PROBLEM DESCRIPTION:
Your answer should be an exact copy of the lines from the one holding "شاحن سريع صغير" to the end of the material below, pictures left out.

PROVIDED DATA:
# # # #

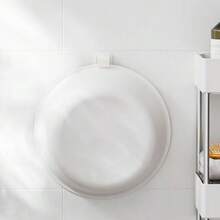 1pc Wall-Mounted Plastic Bathroom Basin Rack, Drilling-Free Sink Storage Holder With Small Hooks - White - View 7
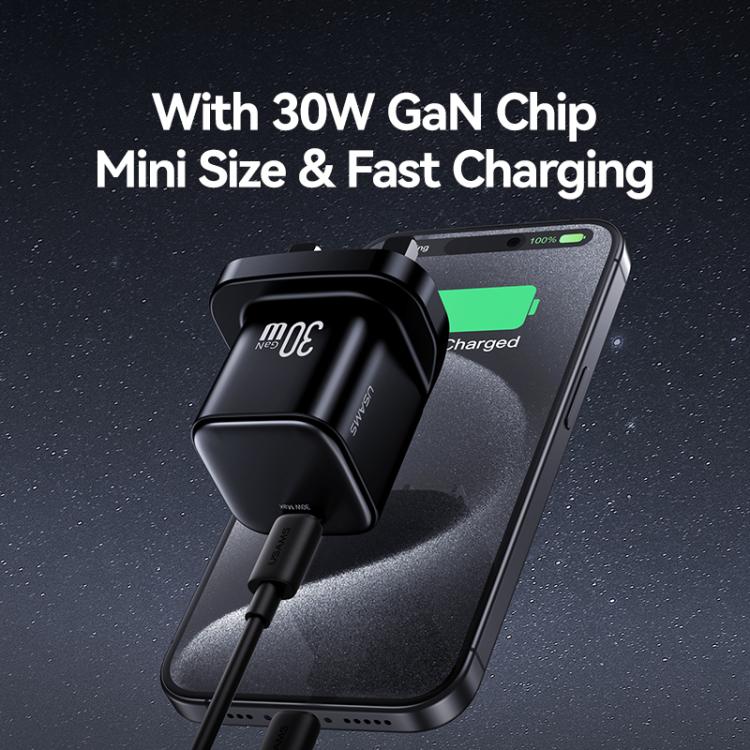 شاحن سريع صغير USAMS CC276 30 واط GaN USB-C / Type-C، قابس المملكة المتحدة
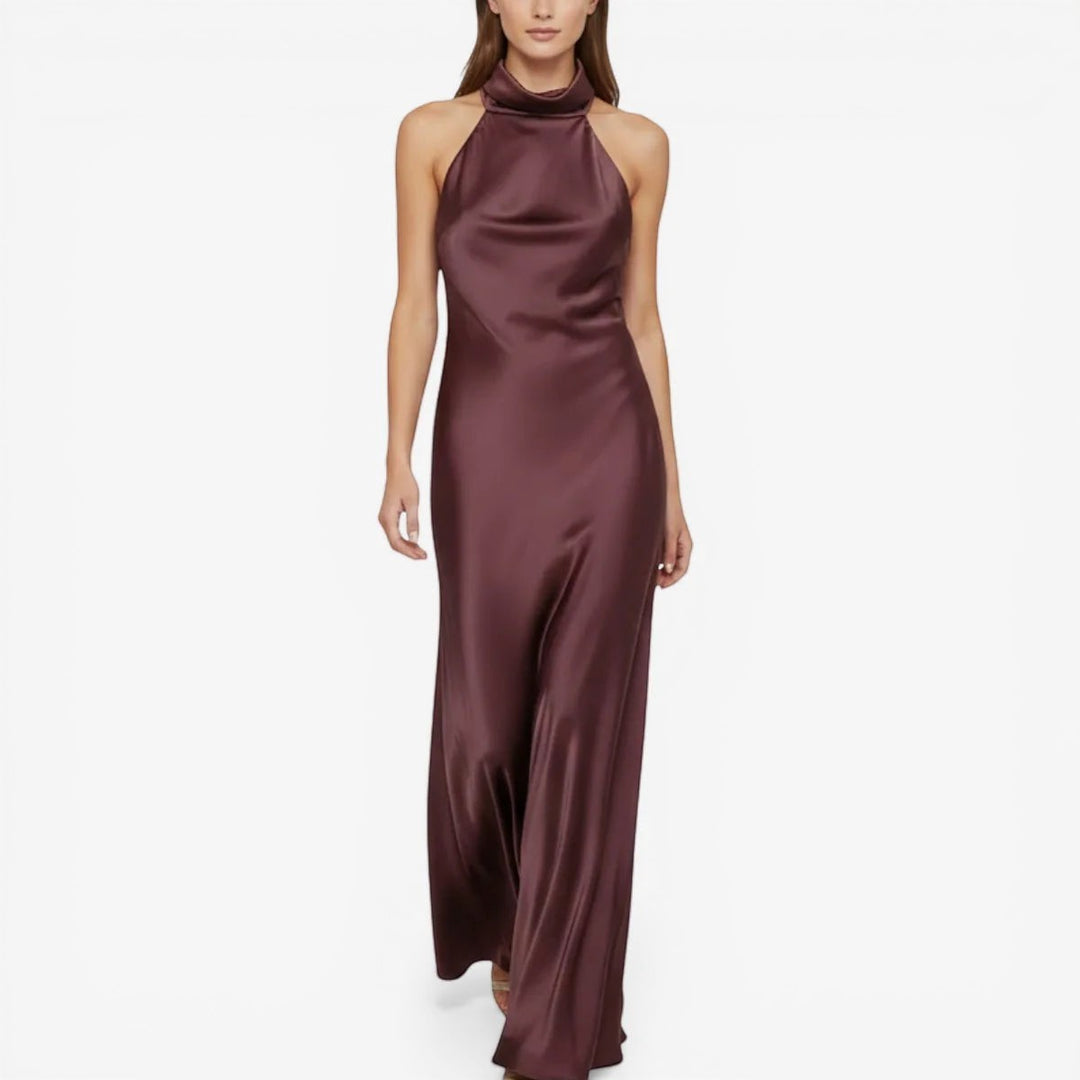 Laurior | Robe longue en satin pour femme, dos nu, confort et élégance, élégante robe en satin bordeaux.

# # # #

ANSWER SECTION:
 شاحن سريع صغير USAMS CC276 30 واط GaN USB-C / Type-C، قابس المملكة المتحدة
 Laurior | Robe longue en satin pour femme, dos nu, confort et élégance, élégante robe en satin bordeaux.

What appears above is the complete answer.